Setting: I have data on people, and their parent's names, and I want to find siblings (people with identical parent names).
pdata<-data.frame(parents_name=c("peter pan + marta steward",
"pieter pan + marta steward",
"armin dolgner + jane johanna dough",
"jack jackson + sombody else"))
The expected output here would be a column indicating that the first two observations belong to family X, while the third and fourth columns are each in a separate family. E.g:
person_id parents_name family_id
1 "peter pan + marta steward", 1
2 "pieter pan + marta steward", 1
3 "armin dolgner + jane johanna dough", 2
4 "jack jackson + sombody else" 3
Current approach: I am flexible regarding the distance metric. Currently, I use Levenshtein edit-distance to match obs, allowing for two-character differences. But other variants such as "largest common sub string" would be fine if they run faster.

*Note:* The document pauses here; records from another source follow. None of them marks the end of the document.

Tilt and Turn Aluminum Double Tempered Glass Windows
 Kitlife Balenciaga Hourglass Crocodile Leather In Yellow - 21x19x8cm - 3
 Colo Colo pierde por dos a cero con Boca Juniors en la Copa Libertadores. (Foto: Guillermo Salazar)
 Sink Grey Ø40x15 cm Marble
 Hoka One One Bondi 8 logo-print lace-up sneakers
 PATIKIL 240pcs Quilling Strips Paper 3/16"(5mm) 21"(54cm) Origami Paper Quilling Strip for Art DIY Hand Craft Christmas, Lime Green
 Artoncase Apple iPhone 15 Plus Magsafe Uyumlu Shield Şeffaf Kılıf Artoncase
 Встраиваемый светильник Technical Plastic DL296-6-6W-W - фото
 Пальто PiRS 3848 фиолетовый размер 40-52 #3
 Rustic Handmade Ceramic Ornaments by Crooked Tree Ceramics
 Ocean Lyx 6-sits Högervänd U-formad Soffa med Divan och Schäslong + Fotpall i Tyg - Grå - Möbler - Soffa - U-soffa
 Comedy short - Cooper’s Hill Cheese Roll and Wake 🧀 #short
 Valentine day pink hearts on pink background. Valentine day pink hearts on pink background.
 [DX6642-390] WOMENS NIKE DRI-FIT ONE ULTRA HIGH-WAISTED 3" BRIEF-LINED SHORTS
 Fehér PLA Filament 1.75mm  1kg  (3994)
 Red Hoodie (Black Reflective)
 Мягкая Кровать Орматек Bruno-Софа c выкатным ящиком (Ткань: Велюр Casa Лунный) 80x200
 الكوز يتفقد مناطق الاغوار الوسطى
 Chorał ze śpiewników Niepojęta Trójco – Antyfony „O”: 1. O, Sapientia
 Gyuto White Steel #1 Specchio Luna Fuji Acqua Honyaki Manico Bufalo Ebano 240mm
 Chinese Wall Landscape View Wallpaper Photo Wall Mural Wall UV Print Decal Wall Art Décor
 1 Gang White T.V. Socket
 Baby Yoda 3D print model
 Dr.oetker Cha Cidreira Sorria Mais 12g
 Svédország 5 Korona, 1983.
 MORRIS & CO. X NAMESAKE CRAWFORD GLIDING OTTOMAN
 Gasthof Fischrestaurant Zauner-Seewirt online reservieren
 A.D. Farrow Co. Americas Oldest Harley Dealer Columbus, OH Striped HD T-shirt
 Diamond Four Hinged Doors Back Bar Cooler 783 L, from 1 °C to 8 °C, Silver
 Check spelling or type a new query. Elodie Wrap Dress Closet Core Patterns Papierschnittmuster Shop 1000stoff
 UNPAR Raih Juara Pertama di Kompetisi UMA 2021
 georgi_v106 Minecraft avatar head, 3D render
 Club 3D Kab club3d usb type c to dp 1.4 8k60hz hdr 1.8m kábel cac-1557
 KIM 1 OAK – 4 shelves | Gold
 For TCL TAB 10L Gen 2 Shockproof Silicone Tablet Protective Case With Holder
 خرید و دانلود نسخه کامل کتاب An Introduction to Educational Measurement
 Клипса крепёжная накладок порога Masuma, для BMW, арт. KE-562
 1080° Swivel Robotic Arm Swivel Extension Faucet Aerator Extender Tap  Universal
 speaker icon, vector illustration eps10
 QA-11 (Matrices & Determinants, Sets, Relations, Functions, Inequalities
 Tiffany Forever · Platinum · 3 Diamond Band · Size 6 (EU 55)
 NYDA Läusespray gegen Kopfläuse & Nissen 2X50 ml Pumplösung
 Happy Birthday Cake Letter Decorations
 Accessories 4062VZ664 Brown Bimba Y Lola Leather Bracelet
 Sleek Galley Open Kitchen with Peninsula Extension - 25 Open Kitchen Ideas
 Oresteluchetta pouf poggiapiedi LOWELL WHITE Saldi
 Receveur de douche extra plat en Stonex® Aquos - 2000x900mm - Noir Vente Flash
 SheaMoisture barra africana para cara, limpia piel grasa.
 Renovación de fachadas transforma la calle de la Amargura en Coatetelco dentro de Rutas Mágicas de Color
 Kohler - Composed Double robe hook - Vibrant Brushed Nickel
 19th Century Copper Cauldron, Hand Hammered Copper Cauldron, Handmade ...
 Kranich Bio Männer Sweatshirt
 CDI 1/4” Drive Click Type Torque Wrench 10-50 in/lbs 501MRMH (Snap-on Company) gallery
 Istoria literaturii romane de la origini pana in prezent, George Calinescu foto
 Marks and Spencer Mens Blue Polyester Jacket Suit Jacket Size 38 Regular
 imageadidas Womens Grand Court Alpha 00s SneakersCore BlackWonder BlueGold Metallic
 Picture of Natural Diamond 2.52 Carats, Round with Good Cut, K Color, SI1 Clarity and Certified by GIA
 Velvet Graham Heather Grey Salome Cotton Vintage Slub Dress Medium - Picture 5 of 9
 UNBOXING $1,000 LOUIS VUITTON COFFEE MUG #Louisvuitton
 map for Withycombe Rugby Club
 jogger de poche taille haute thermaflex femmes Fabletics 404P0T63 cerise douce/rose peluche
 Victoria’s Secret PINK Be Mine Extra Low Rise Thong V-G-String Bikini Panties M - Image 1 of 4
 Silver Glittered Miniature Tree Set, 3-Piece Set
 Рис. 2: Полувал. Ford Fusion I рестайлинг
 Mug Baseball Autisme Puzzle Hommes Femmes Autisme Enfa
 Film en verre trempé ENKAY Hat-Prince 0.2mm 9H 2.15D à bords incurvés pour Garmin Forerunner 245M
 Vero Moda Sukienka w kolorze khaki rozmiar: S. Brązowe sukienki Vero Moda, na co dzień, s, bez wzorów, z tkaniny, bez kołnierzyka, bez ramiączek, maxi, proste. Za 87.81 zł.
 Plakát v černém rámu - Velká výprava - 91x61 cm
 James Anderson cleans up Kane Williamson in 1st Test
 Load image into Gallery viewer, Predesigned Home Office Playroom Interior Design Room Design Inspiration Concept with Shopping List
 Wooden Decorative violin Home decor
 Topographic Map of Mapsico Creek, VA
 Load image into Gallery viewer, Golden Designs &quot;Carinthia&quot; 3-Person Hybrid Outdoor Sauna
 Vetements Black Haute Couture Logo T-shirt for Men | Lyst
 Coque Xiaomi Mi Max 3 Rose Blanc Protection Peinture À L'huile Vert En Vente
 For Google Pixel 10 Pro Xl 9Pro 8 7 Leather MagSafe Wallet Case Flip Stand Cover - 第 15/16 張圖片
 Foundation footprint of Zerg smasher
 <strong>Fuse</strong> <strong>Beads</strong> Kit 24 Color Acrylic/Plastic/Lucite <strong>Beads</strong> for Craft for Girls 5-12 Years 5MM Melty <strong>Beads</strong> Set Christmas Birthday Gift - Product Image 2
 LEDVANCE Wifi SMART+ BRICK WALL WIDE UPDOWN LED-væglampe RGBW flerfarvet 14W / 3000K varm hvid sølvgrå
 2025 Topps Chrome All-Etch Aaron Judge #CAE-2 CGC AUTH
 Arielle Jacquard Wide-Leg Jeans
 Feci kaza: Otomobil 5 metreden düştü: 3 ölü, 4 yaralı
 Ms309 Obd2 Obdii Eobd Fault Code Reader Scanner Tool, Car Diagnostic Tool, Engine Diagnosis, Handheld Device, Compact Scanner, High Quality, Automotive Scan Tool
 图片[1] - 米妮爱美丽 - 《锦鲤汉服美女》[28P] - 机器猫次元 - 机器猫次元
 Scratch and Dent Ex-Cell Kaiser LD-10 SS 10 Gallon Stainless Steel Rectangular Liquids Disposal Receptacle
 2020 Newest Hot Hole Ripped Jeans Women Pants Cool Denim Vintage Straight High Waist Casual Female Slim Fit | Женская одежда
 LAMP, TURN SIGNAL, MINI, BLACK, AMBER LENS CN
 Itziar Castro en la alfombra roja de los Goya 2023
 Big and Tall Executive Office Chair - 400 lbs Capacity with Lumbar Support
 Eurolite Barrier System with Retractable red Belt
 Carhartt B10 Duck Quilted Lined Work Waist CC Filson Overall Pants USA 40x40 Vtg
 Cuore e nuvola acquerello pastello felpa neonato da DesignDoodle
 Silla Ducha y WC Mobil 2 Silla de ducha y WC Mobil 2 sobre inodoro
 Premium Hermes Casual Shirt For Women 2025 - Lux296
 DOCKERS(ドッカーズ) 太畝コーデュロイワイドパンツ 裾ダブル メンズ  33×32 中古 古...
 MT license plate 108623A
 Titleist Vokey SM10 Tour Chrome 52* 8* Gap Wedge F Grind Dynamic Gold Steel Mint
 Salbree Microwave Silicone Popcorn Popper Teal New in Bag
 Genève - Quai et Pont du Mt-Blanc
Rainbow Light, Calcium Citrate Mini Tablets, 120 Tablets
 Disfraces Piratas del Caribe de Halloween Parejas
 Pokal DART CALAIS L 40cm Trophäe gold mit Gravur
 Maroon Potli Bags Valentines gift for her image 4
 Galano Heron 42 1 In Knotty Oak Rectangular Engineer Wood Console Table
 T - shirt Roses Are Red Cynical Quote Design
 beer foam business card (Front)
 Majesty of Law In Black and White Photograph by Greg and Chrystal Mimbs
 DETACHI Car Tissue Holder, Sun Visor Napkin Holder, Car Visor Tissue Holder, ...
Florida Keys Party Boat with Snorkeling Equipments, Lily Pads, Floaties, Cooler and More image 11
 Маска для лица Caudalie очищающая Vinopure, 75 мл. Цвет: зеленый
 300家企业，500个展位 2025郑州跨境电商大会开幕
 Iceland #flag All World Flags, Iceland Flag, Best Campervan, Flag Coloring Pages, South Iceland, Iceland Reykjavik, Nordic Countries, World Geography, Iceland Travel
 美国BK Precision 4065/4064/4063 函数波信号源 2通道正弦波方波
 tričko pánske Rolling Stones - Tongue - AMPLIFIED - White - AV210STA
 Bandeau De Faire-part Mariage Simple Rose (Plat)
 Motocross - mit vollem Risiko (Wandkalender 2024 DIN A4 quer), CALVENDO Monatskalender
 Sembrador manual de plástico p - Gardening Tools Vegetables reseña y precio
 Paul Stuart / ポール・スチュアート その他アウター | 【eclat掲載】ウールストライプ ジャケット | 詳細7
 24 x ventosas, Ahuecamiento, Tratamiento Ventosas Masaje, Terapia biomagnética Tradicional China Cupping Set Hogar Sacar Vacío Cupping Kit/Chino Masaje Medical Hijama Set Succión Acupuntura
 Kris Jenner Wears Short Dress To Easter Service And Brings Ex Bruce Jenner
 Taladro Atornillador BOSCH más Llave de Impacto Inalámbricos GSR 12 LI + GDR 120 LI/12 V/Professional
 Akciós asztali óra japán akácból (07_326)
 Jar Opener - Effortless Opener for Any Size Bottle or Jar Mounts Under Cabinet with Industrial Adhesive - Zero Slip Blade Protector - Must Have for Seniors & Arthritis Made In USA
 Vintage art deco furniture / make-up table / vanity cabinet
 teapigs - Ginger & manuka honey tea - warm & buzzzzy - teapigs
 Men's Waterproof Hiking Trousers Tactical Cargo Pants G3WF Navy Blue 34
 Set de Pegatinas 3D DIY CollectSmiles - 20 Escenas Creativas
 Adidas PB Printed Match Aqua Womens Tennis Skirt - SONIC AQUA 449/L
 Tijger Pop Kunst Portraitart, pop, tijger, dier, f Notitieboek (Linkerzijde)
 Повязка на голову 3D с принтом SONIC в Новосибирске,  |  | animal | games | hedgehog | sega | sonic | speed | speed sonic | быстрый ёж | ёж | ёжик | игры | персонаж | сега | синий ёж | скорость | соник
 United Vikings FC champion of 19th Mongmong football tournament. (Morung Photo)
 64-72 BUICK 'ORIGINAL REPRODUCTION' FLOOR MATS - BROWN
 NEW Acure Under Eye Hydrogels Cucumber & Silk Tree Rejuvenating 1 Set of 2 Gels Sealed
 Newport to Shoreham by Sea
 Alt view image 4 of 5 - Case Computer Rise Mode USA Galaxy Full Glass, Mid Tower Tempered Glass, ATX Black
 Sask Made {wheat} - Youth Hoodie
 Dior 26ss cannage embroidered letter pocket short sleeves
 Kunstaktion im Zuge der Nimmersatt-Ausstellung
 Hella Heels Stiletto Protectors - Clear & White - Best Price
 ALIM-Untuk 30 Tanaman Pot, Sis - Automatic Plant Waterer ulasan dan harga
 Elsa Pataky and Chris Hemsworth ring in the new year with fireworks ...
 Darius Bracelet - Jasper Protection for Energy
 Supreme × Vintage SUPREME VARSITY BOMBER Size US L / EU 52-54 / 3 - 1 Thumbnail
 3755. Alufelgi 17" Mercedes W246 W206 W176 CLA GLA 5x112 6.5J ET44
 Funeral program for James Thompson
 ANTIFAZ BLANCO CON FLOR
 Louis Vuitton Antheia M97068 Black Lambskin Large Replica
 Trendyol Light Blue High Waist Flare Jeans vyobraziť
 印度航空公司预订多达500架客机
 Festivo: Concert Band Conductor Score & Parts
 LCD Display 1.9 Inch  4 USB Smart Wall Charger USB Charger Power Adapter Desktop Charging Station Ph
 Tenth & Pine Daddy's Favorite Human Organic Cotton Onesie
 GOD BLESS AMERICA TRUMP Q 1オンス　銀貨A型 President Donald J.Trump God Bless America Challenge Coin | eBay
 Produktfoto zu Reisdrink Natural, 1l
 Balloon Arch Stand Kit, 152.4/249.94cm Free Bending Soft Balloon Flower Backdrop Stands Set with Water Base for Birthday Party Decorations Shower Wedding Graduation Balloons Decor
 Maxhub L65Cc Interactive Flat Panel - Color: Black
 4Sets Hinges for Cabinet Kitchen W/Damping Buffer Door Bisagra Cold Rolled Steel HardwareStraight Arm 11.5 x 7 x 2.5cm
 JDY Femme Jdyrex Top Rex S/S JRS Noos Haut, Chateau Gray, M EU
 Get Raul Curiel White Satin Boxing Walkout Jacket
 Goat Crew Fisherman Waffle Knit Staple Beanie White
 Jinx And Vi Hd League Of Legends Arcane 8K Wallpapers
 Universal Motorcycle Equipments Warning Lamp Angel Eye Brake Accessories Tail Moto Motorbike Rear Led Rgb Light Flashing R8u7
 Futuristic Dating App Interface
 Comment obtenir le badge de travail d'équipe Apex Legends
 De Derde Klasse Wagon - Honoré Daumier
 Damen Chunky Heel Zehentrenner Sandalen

For smaller subsamples I use stringdist::stringdist
in a loop or stringdist::stringdistmatrix
, but this is getting increasingly inefficient as sample size increases.
The matrix version explodes once a certain sample size is used. My terribly inefficient attempt at looping is here:
#create data of the same complexity using random last-names
#(4mio obs and ~1-3 kids per parents)
pdata<-data.frame(parents_name=paste0(rep(c("peter pan + marta ",
"pieter pan + marta ",
"armin dolgner + jane johanna ",
"jack jackson + sombody "),1e6),stringi::stri_rand_strings(4e6, 5)))
for (i in 1:nrow(pdata)) {
similar_fatersname0<-stringdist::stringdist(pdata$parents_name[i],pdata$parents_name[i:nrow(pdata)],nthread=4)<2
#[create grouping indicator]
}
My question: There should be substantial efficiency gains, e.g. because I could stop comparing strings once I found them to sufficiently different in something that is easier to assess, eg. string length, or first word. The string length variant already works and reduces complexity by a factor ~3. But thats by far too little. Any suggestions to reduce computation time are appreciated.
Remarks:
There are two challenges:
A. The parallel execution of Levenstein distance - instead of a sequential loop
B. The number of comparisons: if our source list has 4 million entries, theoretically we should run 16 trillion of Levenstein distance measures, which is unrealistic, even if we resolve the first challenge.
To make my use of language clear, here are our definitions
Technically the goal is to find series of matching expressions in the 4-million expressions list. Two expressions are considered matching expression if their Levenstein distance is less than 2.
Practically we create two lists, which are exact copies of the initial 4-million expressions list. We call then the Left list and the Right list. Each expression is assigned an expression id before duplicating the list. Our goal is to find entries in the Right list which have a Levenstein distance of less than 2 to entries of the Left list, excluding the same entry (same expression id).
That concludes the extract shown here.